Aerobic training has consistently been shown to reduce disease risk and early mortality in the general population and in people living with HIV. Immune system function partly underlies many of the cardiovascular, lung, muscular, and neural benefits of aerobic exercise. While sporadic immune activation is typical during innate and adaptive immune responses, the development and pathogenesis of non-communicable diseases are now understood to result from chronic, low-grade, systemic inflammation in the body, known as inflamm-aging as seen among people living with HIV even when their viremia is controlled by therapy. Systemic inflammation results from multiple sources, including, but not limited to, accumulation of fat and immunosenescent cells, the latter of which no longer divide but secrete damaging inflammatory cytokines. Immunosenescent cells are marked by several biomarkers, though most attention has been directed towards average telomere lengths of immune cells. Telomeres are genepoor regions located at the ends of chromosomes and are formed by hexameric 5'(TTAGGG) n3' repeats and shortened telomeres portend earlier replicative senescence - when cells no longer replicate but live on in a pro-inflammatory state - or programmed cellular death. 24 weeks of physical activity is associated with apparent reversal of the aging process of immune cells with increases in average leukocyte (i.e. immune cells) telomere lengths (LTL).

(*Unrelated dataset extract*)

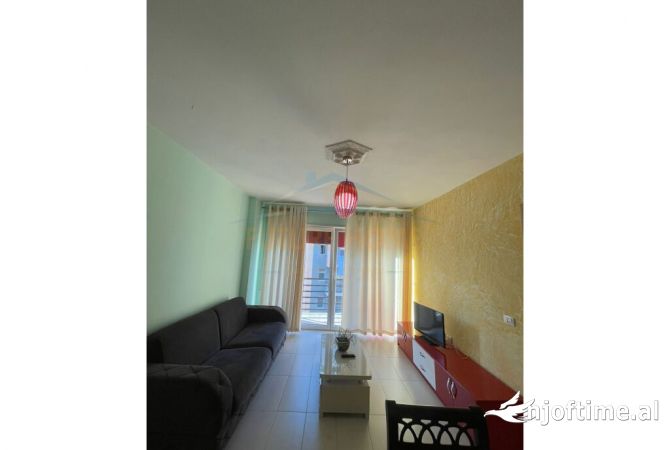 Shtepi me qera 2+1 ne Tirane - 600 Euro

While aerobic exercise benefits people living with HIV, a recent review emphasizes that WLWH and adults from minority groups are less likely to engage in or are more likely to withdraw from standard exercise programs. Consultations with The Canadian HIV Sexual and Reproductive Health Cohort Study (CHIWOS) Advisory Board of WLWH identified and prioritized the need for interventional research to mitigate the effects of accelerated aging and decrease the risk of disease, and identified dance as a particularly exciting program to study, if made free and easily accessible.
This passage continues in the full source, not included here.